Mauricio Benítez

Personal information
- Full name: Mauricio Leonel Benítez
- Date of birth: 3 February 2004 (age 22)
- Place of birth: Florencio Varela, Argentina
- Height: 1.85 m (6 ft 1 in)
- Position: Defensive midfielder

Team information
- Current team: Boca Juniors

Youth career
- 2010–2024: Boca Juniors

Senior career*
- Years: Team / Apps / (Gls)
- 2024–: Boca Juniors / 5 / (0)
- 2025–2026: → Royal Antwerp (loan) / 37 / (3)

= Mauricio Benítez =

Argentine footballer (born 2004)

Mauricio Leonel Benítez (born 3 February 2004) is an Argentine professional football player who plays as a defensive midfielder for Boca Juniors.

==Career==
Benítez joined the youth academy of Boca Juniors in 2010. On 3 February 2022, he signed his first professional contract with the club until 2026. He helped their U20s win the 2023 U-20 Copa Libertadores and 2023 Under-20 Intercontinental Cup.

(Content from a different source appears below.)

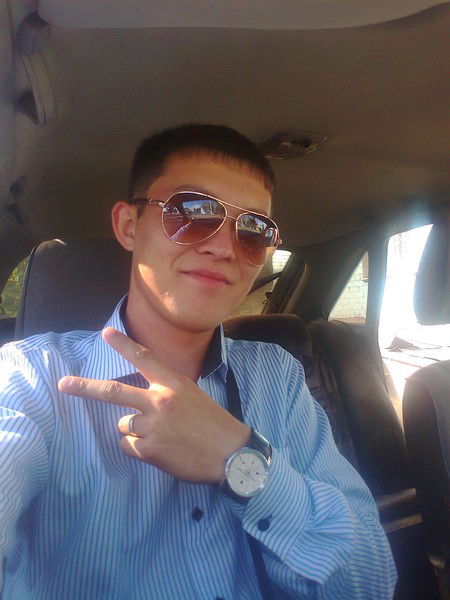 Женис Тайкенов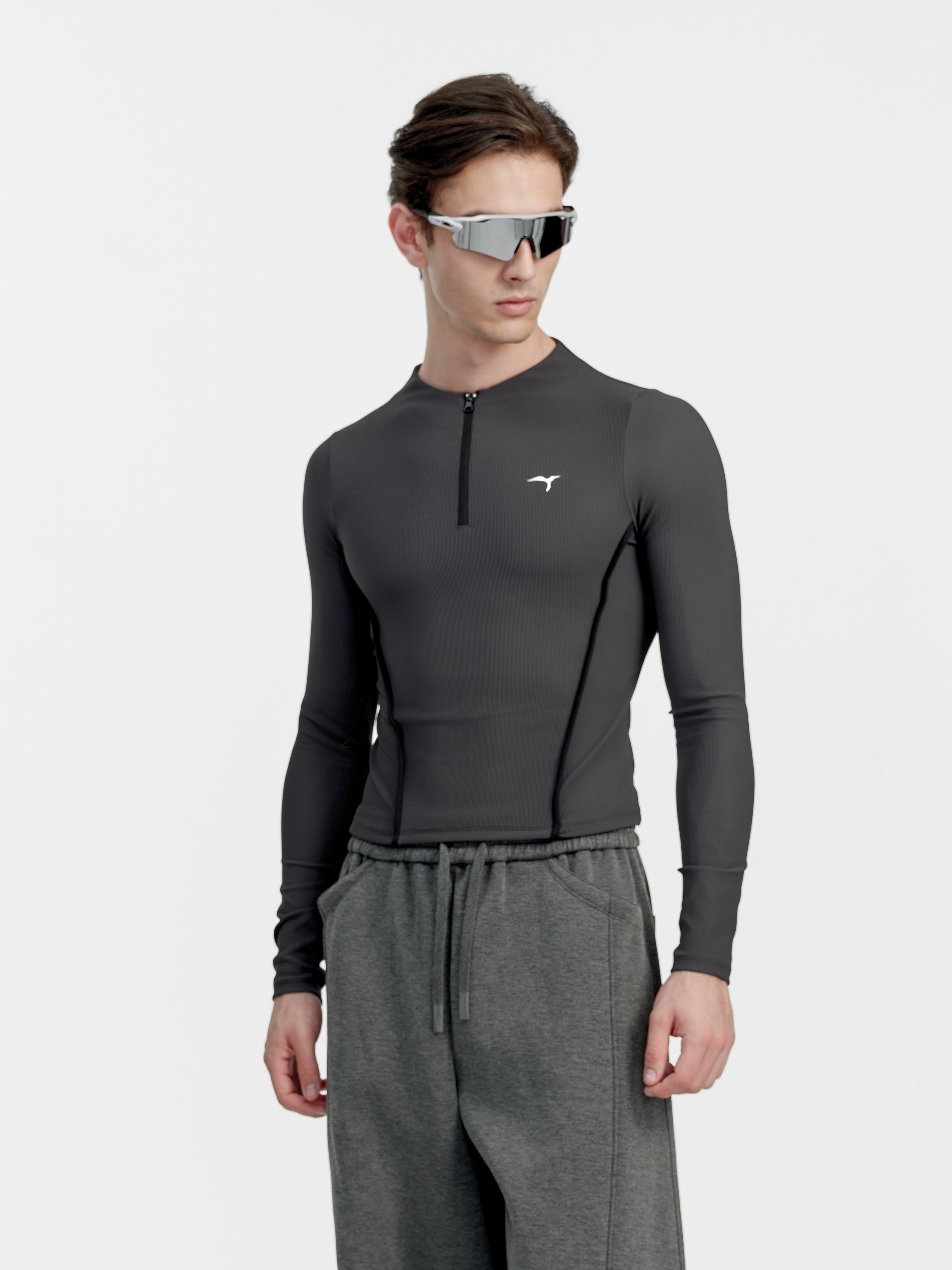 TechNomad Top - YHONE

On 1 February 2024, he debuted with the senior Boca Juniors team in a 1–1 Copa de la Liga Profesional tie with Sarmiento. He played 5 more matches in the Copa de la Liga Profesional that season, before being sidelined with an abductor tear on 13 April 2024 to end the season. On 18 April 2024, he extended his contract with Boca Juniors until December 2028.

On 3 February 2025, Benítez joined the Belgian Pro League club Royal Antwerp until June 2026, with an option to sign permanently.